Table 1. Summary of included studies.
PaO2, partial pressure of oxygen in arterial blood; FiO2, fraction of inspiratory oxygen concentration; SpO2, oxygen saturation; T0, prior to ketamine use; T1, 1 h after ketamine infusion; TW, when the ketamine was discontinued; CAS, clinical asthma score
Author | Year | Study design | Number of patients | Age | Mean age (years) | Ketamine dose | Duration | Intubation | Measures of improvement | Results | Adverse effects | |
Petrillo et al. [10] | 2001 | Prospective observational study | 10 | 5-16 years | 8 | IV bolus 1 mg/kg followed by a continuous infusion of 0.75 mg/kg/h (12.5 mcg/kg/min). | 1 h | No | CAS, peak expiratory flow, and vital signs | The study showed a significant decrease in the asthma score, improved peak expiratory flow, reduced respiratory rate, and enhanced oxygen saturation | Mild side effects (hallucinations, flushing, hypertension) in four patients were resolved with medication or discontinuation. | |
Youssef et al. [11] | 1996 | Retrospective chart review | 17 | 5 months-17 years | 6 +/- 5.7 | IV bolus 2 mg/kg, followed by continuous infusions of 20-60 mcg/kg per minute (32 +/- 10 mcg/kg per minute) | 40 h (12-96) | Yes | PaO2/FIO2, and dynamic compliance | PaO2/FIO2 ratio significantly increased after ketamine infusion at 1, 8, and 24 h. Dynamic compliance also improved. | One patient required glycopyrrolate for airway secretions, while another needed diazepam for ketamine-related hallucinations | |
Kshirsagar et al. [12] | 2013 | Prospective observational study | 20 | 2 months-2 years | - | IV bolus 1 mg/kg followed by a continuous infusion of 10 mcg/kg/min (continuous infusion was given in 14 pts) | Average 15 h | No | Uyan score and SpO2 | Uyan score significantly improved (T0: 13.14 ± 1.17, T1: 9.82 ± 1.21, TW: 0.5 ± 0.65). SpO2 also showed significant improvement (T0: 87.71% ± 2.05%, T1: 92.64% ± 2.46%, TW: 99.5% ± 0.51%). | None | |
Allen and Macias [13] | 2005 | Double-blinded, randomized, placebo-controlled trial | 68 | 2-18 years | 6.1 +/- 4.0 | IV bolus 0.2 mg/kg followed by a 2-h ketamine infusion at 0.5 mg/kg/h | 2 h | No | Pulmonary Index Score | No significant difference between groups | None | |
Tiwari et al. [14] | 2016 | Randomized, open-label, controlled trial | 48 | 16 months-12 years | 4 | 0.5 mg/kg bolus over 20 min, followed by continuous infusion of 0.6 mg/kg/h for 3 h | 3 h | No | PRAM score | Similar primary outcomes were observed in both groups: ketamine (4.00 ± 1.25) and aminophylline (4.17 ± 1.68) with respect to PRAM score changes. | In the ketamine group, two patients experienced hypertension. Tachycardia was observed in both groups at enrollment and persisted after 3 h. Aside from one episode of vomiting in a patient from the ketamine group, no other adverse effects were reported in either group |
Is Ketamine Effective as a Bronchodilator in Pediatric Status Asthmaticus?

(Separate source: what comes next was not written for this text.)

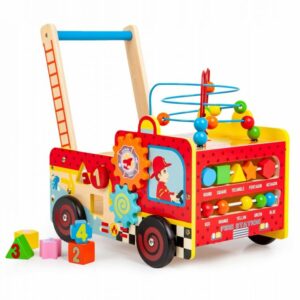 Drevené chodítko | hasičské vozidlo + labyrint (Bazár) je hračka vyrobená z vybraných vysoko kvalitných materiálov so špeciálnym účelom.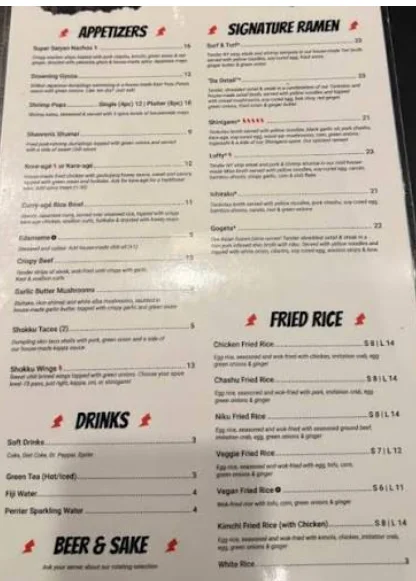 Shokku Ramen Las Vegas menu with ramen bowls and Japanese-inspired dishes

In a prospective observational study conducted by Petrillo et al. [10], the effectiveness of ketamine in treating pediatric patients with status asthmaticus who were unresponsive to conventional therapy was evaluated. To this end, 10 children received a loading dose of 1 mg/kg intravenously for 15 min, followed by a continuous infusion at 0.75 mg/kg/h for 1 h. The results demonstrated a significant decrease in the median clinical asthma score (CAS) from 14.2 to 10.5 after 10 min of infusion, which further reduced to 9.5 after 1 h. Furthermore, the respiratory rate decreased by 25% 1-h post-infusion, and a significant improvement in peak expiratory flow was observed. Notably, oxygen saturation also exhibited a significant improvement 1 h after the infusion.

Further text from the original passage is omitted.